『教育相談係 どう動き どう楽しむか』(和井田節子/著 ほんの森出版)


 はじめに

 本書は、私自身を含めた学校で教育相談に携わる教師が、校内の仲間の教師や、生徒や、関連するさまざまな機関の専門職の方々、保護者、地域の方々とつながり、子どもをエンパワーしてそうした方々につながっていってほしいと願って書いた本です。
 ほんの森出版からこの本の執筆依頼をいただいたとき、正直なところ、私のような一実践者が本なんか書いちゃっていいのだろうか、という思いがありました。しかし、じっと考えているうちに浮かんできたのは、困難を克服したときの子どもたちの笑顔でした。そして、次にその子どもたちと向き合ってがんばってきたたくさんの仲間の教師たちの感動の笑顔が浮かびます。そう、教育相談は、そういう笑顔に出会えるというごほうびつきの仕事なのです。

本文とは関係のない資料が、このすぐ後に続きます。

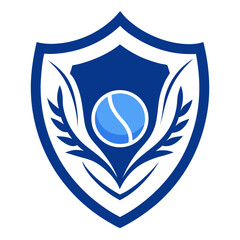 Collegiate Tennis Shield with Swoosh Motif and Blue Laurel Accents in Vector Style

 この楽しい仕事の中で、私自身や教育相談仲間たちが、自分自身の相談活動や学びをどんなふうに広げてきたのか、校内でどんなふうに動くなかで教育相談を理解し協力してもらってきたのかなどについてお伝えし、交流のきっかけにしたいと考えました。教育相談は、その発想や技法を知れば知るほど、支援できる範囲が広がるからです。
 この本では、一つには学校教育相談の誤解を解きたい、という思いがあります。教育相談には一般的にカウンセリングのイメージがあるようです。ですから、教育相談をやっているというと、「自分から相談に来る子ってそんなにいるの? 来ない日も相談室でじっと待ってるの?」と心配されたり、「俺もカウンセリングしてもらおうかなあ」と言われたりします。カウンセリングに対するイメージもさまざまなようで、「何でも、うんうんって聞いてるのって忍耐だよね」と同情されたり、「じゃあ俺が今何を考えているかあててみて」とからかわれたりしたこともありした。
 でも実際は、それらのイメージよりもはるかに能動的でダイナミックです。私は相談室でじっと待っていることなんてほとんどありません。担任や学年などと連携しながら、子どもたちにどんどん働きかけていきます。保護者と共に作戦を練っていきます。子どもたちが健やかに成長して欲しい、という共通の願いでみんながつながるとき、そこにはドラマが生まれます。そう、学校教育相談とは、「相談」という言葉のイメージをはるかに越える、大事な教育活動なのです。そのこともぜひお伝えしたいことです。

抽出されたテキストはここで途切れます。